I don’t know what heartache you went through before you sought out adoption. I don’t know what psychological, emotional, and spiritual battles you had to overcome. I sympathize on every level; but I hope you understand that birth parents endure some of these obstacles both before and after a child is placed with you. I can’t ever venture to assume that any trials are greater or in higher regard to the next…but in direct relation to the obstacle of creating a family, once you’ve adopted that obstacle has been passed. Please understand that the ending of your obstacle is the beginning of someone else’s.
As I’ve learned through the weeks following relinquishing my son, battles each set of parents face merely switch places in adoption. The anxiety I knew the adoptive parents felt in being so close to the end of their process and the possibilities of having their dream ripped from them is a powerful anxiety that is switched to the birth mother (or birth parents) as they fear their baby may have adoptee related challenges or that the adoptive parents may not hold up their promises or agreements. It needs to be clearly understood that we’re afraid of each other to some degree! Both our greatest fears in regard to a child are there to hone in on… They made a choice for the benefit of that child with love.
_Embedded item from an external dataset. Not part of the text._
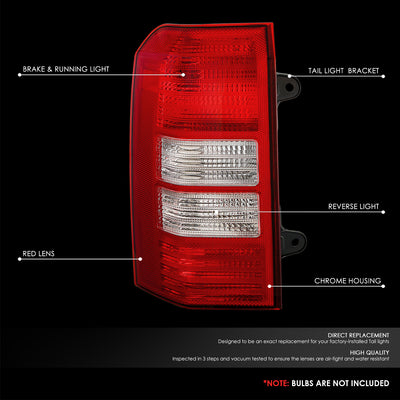 Factory Style Tail Lights Left Side <BR>08-17 Jeep Patriot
They came to do you in one of the most (if not THE most) terrifying moments of their life and trusted you and an agency–I beg that you don’t put your fears and insecurities ahead of those of a birth parent.
Please understand as you were worried that your life would seem incomplete or that you would never realize your dream of parenting that on the other side someone is worrying that they are/aren’t making the biggest gamble of their life or that they will give life to a child and spend years being in the dark about that child’s life. We are both afraid!
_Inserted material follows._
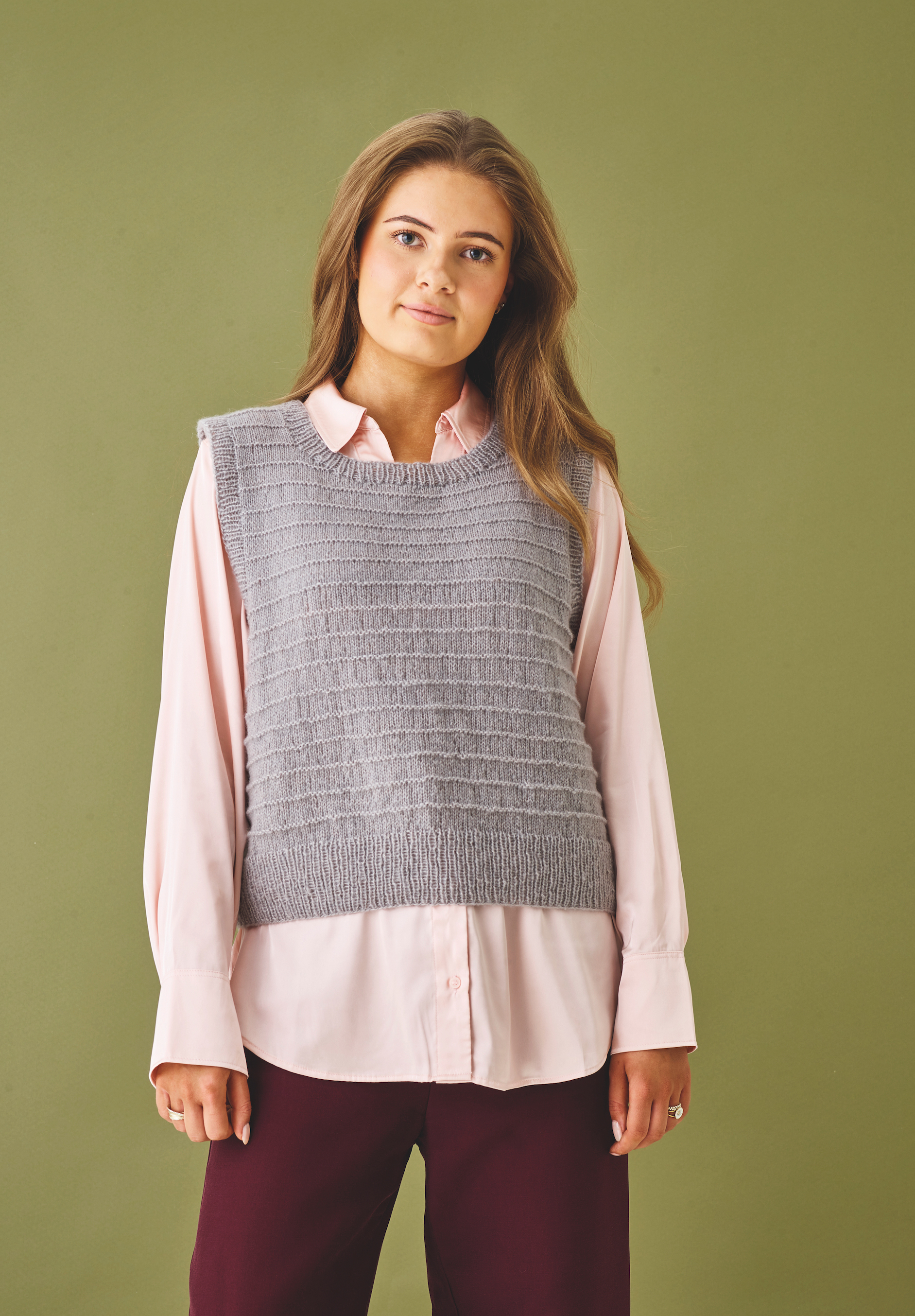Slipover med rillemönster - Hannah 890105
Please understand that as you fear that you will never hold a baby next to you and feel the love of their first big smile that on the other side of this someone is agonizing that they are forfeiting that opportunity and entrusting those first memories to you! We are both afraid!
Birth parent or adoptive parent…there is a child involved in the adoption process that BOTH already love and that BOTH have feared they would never know.
I’m sure the agency has prepared you for worst case scenarios with a birth mother, but did you wonder if the agency prepared the birth mother for adoptive worst case scenarios? On both sides of adoption there are horror stories and people with negligent judgement. For every story of an intrusive birth mother or parent, there is a story of an obstructive adoptive parent. For every story of a birth mother that changed her mind and kept her child, there is a story of an adoptive parent that changed their mind and decided to switch an open adoption to a closed one.
If you are dealing with a birth mother or birth parents that have confided in you, have grown fond of you, and have come to trust you it makes no sense to disregard their fears and take precedence of your own. People tell birth mothers for weeks that she’s making the right decision…that she’s brave….that she’s making the most loving and selfless choice imaginable–don’t betray that without more cause than being fearful of what you’ve imagined! Because she’s imagined the worst and hoped for the best from you! Just like you had up until she/they signed their documents.
Separate your fears from tangible issues. This is something both sides need to do. I understand that some birth parents have issues that a child absolutely needs separation from, and in those cases I don’t blame an adoptive couple for protecting their child. But when consciously entering an open adoption, it should be understood that faith and trust are expected and counted on. If you have sought an open adoption and have connected to a birth mother or birth parents that do not have abuse, drugs, illegal activity or other stereotypical issues (MANY don’t have any such problems) there is no reason to decide to suddenly cut her/them out of a child’s life. You counted on the honesty of the birth mother to follow through and now she’s counting on you to follow through with the pretense of openness. Betraying that not only has lifelong negative effects on an adult, but on the child.
As most private adoption agencies carry a religious title within their name, I’m quite miffed at the fact that so many instances of distrust and fearmongering seems to create so much tension around what should be a process handled with more love and professionalism.
You can probably tell how much a birth mother or birth parents truly care about their child. Even if they don’t seem to care as much as you think they should or as much as you think you would in their position, it’s a low form of dishonesty to pacify them and then shut them out.
We are both afraid. And we both committed to a process with known contingencies. While it’s perfectly legal to close an adoption and to cut contact with a birth parent for no reason, it’s not the expectation garnered under the guise of open adoption–it’s baiting and switching.
There are common sense ways to protect your family from potential dangers. These should have been considered, weighed, and thoroughly questioned ahead of time. And if the mental response to this was that a birth mother should have considered, weighed, and thoroughly questioned adoption ahead of time, then you are a PERFECT candidate for a CLOSED adoption. That thought process shows you would not have the capacity to balance a relationship or make considerations for another parent/couple who share a link to the child you want. For the sake of thinning out big, bad adoptive parent stories do not seek an open agency. Only people well rounded enough to separate reality from big, bad birth birthmother stories should seek open adoption.
Understanding and love are the main ingredients of an open adoption. Not just of the child! But between both sets of parents in the best interest of the child. I hope you have considered all these things and I pray that in the ways that your fears gave way to realized dreams that you pay it forward.